La serie inizia con un incontro improbabile . Ricardo Gómez interpreta David , uno studente di giurisprudenza, un fragile tassista più abituato agli ingorghi che ai racconti epici, che incrocia accidentalmente un torero caduto in disgrazia, Óscar Jaenada , nato per compiere il gesto del destino. Il Maestro , come è noto, vive tra la nostalgia della gloria e la scia del fallimento . E questa frattura è il territorio più fertile per la letteratura, o per la televisione che osa esserlo.
La trama potrebbe essere riassunta come un viaggio di iniziazione in auto : un viaggio on the road che si snoda attraverso le strade secondarie della Spagna e attraverso le emozioni di due uomini opposti. Ma non è la trama che conta, bensì l'alchimia tra sconfitta e tenerezza . Ciò che Plaza e Guerrero fanno non è raccontare una storia di corrida, ma piuttosto filmare la malinconia di un paese che sogna ancora di avere eroi.
Eppure, La suerte è molto più di una storia ben raccontata. È un esperimento visivo e narrativo in cui i suoi creatori sperimentano con linguaggi, stili e atmosfere come se stessero affrontando una corrida davanti a una telecamera. La serie osa usare un linguaggio espressionista , con caricature al limite del grottesco , con cenni surrealisti che funzionano più come sfoghi poetici che come battute. I personaggi secondari sembrano disegnati da Goya dopo aver visto Berlanga: creature da fiera , superstiziose, devote a una liturgia in cui il religioso e il popolare si fondono.
Ciò che Plaza e Guerrero fanno non è raccontare una storia di tori, ma filmare la malinconia di un paese che sogna ancora di avere degli eroi.
Questo fervore liturgico permea l'intera opera . Non solo nel mondo della corrida – con le sue messe all'alba, le sue veglie a lume di candela e i suoi silenzi nelle cappelle – ma anche nella messa in scena stessa, che abbraccia la messa come genere cinematografico . Plaza e Guerrero filmano con devozione , con quel tremore reverente di chi sa che il sacro può apparire nei luoghi più inaspettati : in un albergo lungo la strada, in un tentadero o nello sguardo stanco di un torero che non crede più al proprio mito.
Il miglior esempio di questa audacia estetica si trova in un episodio girato in bianco e nero e in formato quadrato, una sorta di diversivo noir che funge sia da omaggio che da parodia . Il Maestro si confronta con lo snobismo di un regista catalano che cerca di ritrarlo come una reliquia esotica, una cartolina antropologica . Plaza e Guerrero giocano poi con lo specchio deformante dell'arte contemporanea e, nel farlo, si concedono un po' di ironia cinefila : la scena sembra un cenno diretto (e sarcastico) a Tardes de soledad , quel film pluripremiato di Albert Serra che ha trasformato sangue e ferocia in materiale di culto .
L'episodio, oltre a essere brillante, ha una sorta di resa dei conti: il torero contro l'artista, l'uomo che rischia la vita contro chi la rappresenta semplicemente.
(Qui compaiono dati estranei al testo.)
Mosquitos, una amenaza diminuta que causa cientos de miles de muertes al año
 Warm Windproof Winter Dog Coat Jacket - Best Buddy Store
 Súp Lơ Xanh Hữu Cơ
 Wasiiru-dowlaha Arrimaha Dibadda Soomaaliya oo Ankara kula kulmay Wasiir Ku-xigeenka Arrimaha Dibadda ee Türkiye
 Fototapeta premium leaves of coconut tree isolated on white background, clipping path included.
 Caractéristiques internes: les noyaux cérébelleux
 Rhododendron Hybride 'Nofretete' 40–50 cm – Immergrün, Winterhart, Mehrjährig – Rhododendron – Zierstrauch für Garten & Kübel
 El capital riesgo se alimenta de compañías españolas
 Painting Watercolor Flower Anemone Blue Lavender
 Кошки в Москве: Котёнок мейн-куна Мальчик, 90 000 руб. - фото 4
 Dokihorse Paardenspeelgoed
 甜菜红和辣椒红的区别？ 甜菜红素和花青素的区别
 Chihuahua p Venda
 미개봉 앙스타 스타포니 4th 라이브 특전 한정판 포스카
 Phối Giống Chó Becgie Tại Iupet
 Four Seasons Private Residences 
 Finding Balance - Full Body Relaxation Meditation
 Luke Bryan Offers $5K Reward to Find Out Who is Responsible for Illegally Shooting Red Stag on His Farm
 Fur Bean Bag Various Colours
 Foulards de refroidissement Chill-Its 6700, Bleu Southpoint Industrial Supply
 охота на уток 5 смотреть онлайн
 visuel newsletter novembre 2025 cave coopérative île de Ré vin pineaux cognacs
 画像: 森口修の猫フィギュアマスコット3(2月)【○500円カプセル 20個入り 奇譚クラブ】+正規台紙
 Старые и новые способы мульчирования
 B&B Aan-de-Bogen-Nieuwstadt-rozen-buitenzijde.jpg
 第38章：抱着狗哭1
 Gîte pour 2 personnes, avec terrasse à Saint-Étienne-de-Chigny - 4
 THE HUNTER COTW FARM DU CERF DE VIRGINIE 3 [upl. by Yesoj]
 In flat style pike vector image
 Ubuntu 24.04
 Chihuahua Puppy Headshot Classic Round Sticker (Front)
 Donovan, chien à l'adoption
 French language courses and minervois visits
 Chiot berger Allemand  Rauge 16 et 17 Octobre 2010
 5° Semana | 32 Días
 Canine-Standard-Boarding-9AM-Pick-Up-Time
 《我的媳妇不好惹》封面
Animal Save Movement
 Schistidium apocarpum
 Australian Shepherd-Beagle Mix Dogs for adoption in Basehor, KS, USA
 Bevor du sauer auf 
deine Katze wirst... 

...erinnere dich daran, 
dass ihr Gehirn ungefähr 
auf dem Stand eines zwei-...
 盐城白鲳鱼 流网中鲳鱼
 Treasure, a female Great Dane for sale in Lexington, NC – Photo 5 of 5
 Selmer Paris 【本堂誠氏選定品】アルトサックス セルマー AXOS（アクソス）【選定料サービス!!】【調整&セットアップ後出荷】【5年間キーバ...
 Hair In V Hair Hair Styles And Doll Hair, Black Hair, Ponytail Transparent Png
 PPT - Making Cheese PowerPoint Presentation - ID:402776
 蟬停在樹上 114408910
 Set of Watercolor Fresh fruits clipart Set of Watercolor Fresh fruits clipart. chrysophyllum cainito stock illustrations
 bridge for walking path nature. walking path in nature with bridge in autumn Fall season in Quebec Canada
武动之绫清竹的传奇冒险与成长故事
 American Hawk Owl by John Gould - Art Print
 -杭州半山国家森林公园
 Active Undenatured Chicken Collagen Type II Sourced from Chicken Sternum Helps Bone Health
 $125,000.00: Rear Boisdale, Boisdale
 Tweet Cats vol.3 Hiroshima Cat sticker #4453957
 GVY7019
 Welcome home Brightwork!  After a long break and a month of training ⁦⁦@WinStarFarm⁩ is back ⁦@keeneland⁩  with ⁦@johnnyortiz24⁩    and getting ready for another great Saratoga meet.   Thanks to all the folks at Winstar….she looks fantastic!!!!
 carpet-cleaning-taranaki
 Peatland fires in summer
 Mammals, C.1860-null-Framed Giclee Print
E in questo duello silenzioso si cela un'intuizione potente: la corrida sta iniziando a normalizzarsi nel panorama audiovisivo , a uscire dal tabù e dall'ostracismo in cui era stata confinata. Che una piattaforma come Disney+ stia presentando in anteprima una serie sulla corrida senza mascherarla da polemica o nasconderla sotto eufemismi significa che qualcosa sta cambiando. Che la questione stia tornando a circolare, senza bisogno di scusarsi, come se la cultura si stesse riconciliando discretamente con una delle sue metafore più profonde.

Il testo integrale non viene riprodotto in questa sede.